PROBLEM TO SOLVE: Write the data out in full and word for word. Do not include images.

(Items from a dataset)
= Beginning of Section =
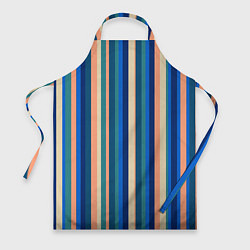 Фартук кулинарный Полосатый сине-бежевый, цвет: 3D-принт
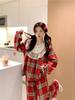 Korean Couple's Red Plaid Lace Long Sleeve Pajamas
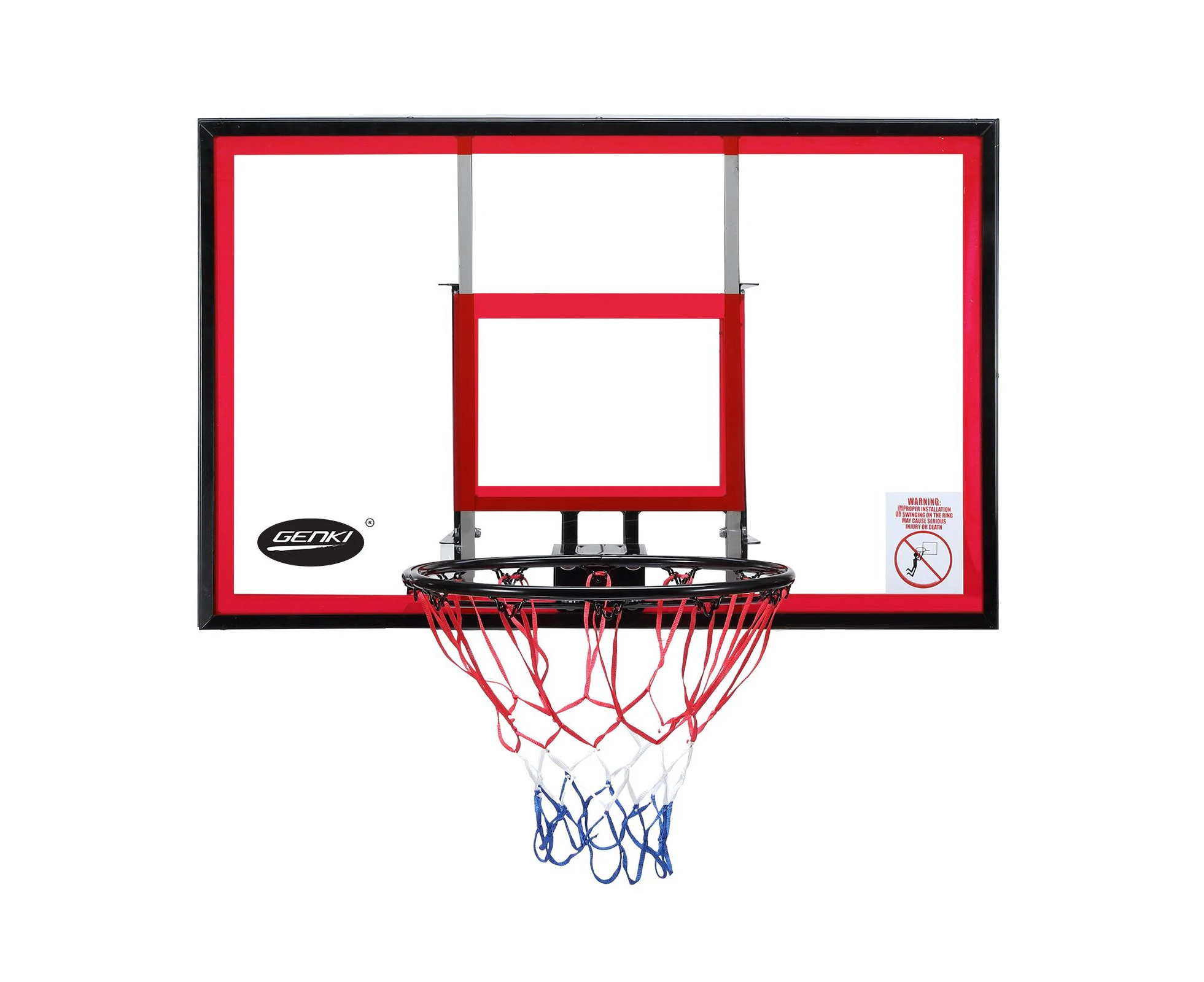 Indoor Basketball Hoop Wall Mounted Backboard Ring System Set Net Door Goals Rim Standard No.7 Balls 110 x 70cm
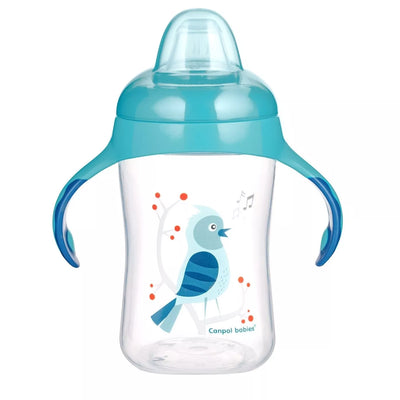 Mokomasis puodelis su silikoniniu snapeliu Canpol BIRDS 56/519 Blue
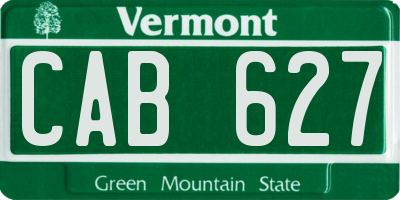 VT license plate CAB627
= End of Section =
WRITTEN RESPONSE:
 Фартук кулинарный Полосатый сине-бежевый, цвет: 3D-принт
 Korean Couple's Red Plaid Lace Long Sleeve Pajamas
 Indoor Basketball Hoop Wall Mounted Backboard Ring System Set Net Door Goals Rim Standard No.7 Balls 110 x 70cm
 Mokomasis puodelis su silikoniniu snapeliu Canpol BIRDS 56/519 Blue
 VT license plate CAB627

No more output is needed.